Should I use a breached corpus
Yeah, 100%, whether it’s a paid service or simply HIBP. It is worth stressing that the presence of a password in a breached corpus is a guarantee that it has been breached in some leak, and the credentials need to be rotated. However, the opposite is not true; it is not guaranteed that because a password isn’t in HIBP (or another database) the password has not been somehow leaked. There is lag-time in gaining access to the data, processing it, and including it in a dataset for use. A breached corpus does not replace the need for good security hygiene, implementing MFA, and following NIST 800-63b when generating passwords; there is no silver bullet.
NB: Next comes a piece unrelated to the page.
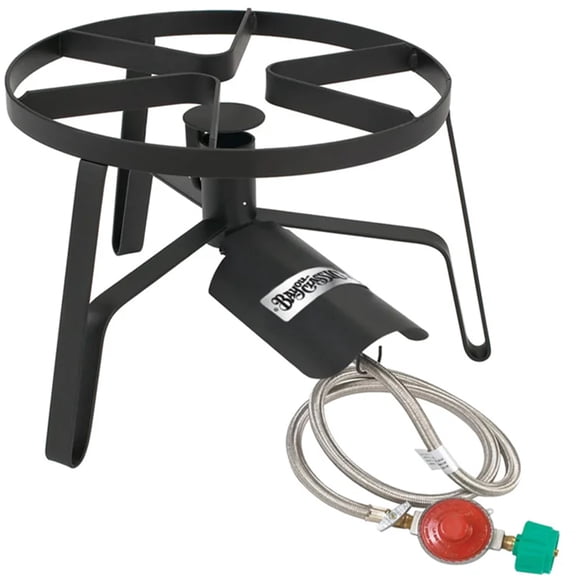 Bayou Classic SP-1 Cuiseur à Jet de 12 Pouces de Hauteur avec Épandeur de Flammes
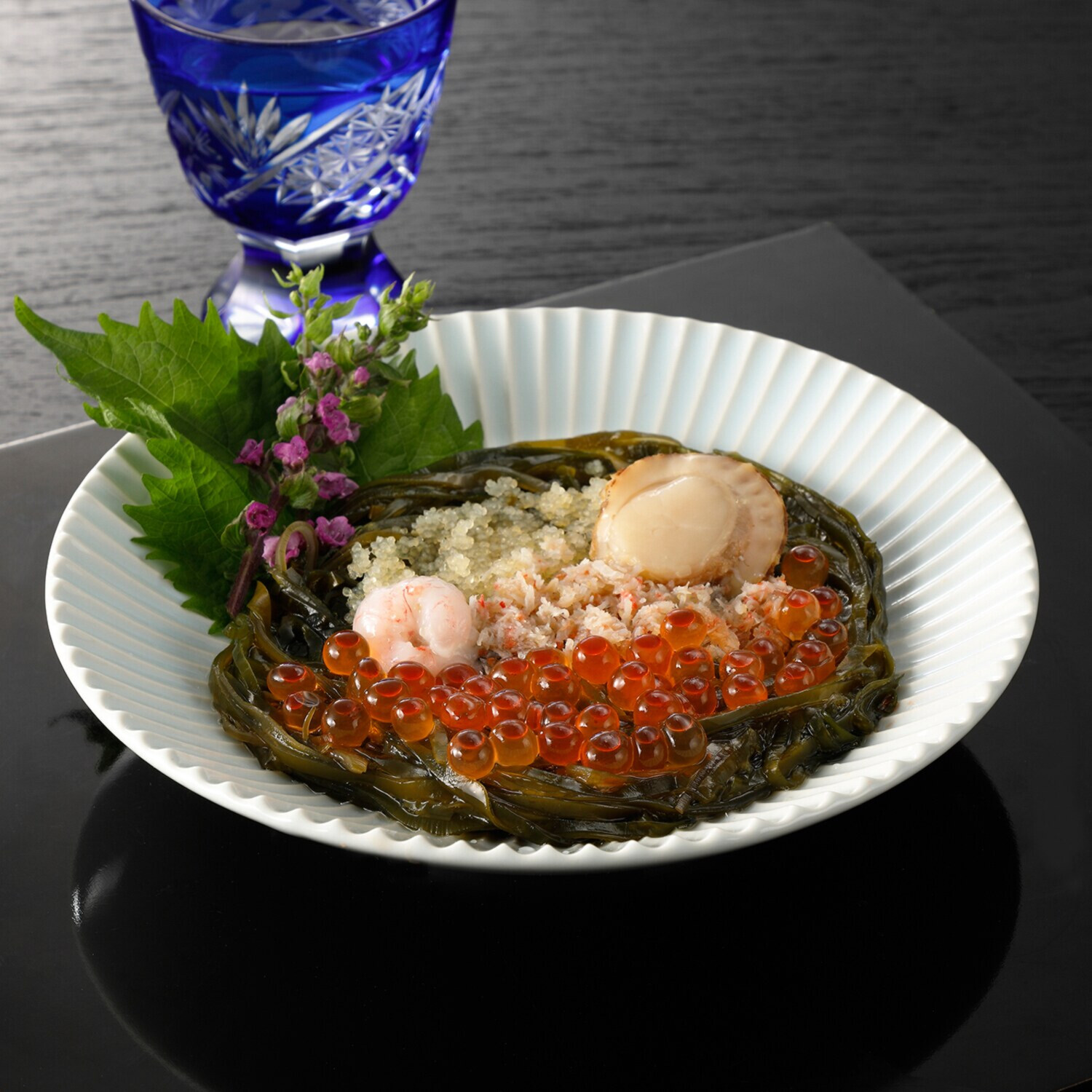 海鮮彩り８種の具材 ねばねば海鮮 ＜いくら醤油漬け ２倍セット＞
For example, from yesterday’s redline infostealer upload:
| Password |
|---|
| 354727Ludmila |
| francerito2022 |
| Williamstev1 |
| Adilst@230 |
| Hydreigon06. |
A sample of 5 randomly pulled passwords that show as not leaked in HIBP; as often is in the case such as the alleged 16b record infostealer data that I previously wrote about. Not finding a credential in a breached corpus doesn’t mean it’s secure, it just means if it has been leaked, it just hasn’t been included yet.
The post in question:
Conclusion
The use of a breached corpus such as HIBP is simply a part of the whole pie of best practise security controls that should be implemented in order to protect your data and yourself or your users. One should strive to completely implement NIST 800-63b as is possible for the given situation. Like anything else it helps provide security in layers; you’re forcing a bad actor to work through all the layers of the ogre, from MFA, to breached credential alerts, password complexity making it difficult to impossible to crack (nothing’s impossible to crack, but you get the idea); feel free to check breached password services with wanton abandon if you’re worried you may have been in a leak, it will not weaken your security posture and only serves to provide as a warning for when you need to reset it.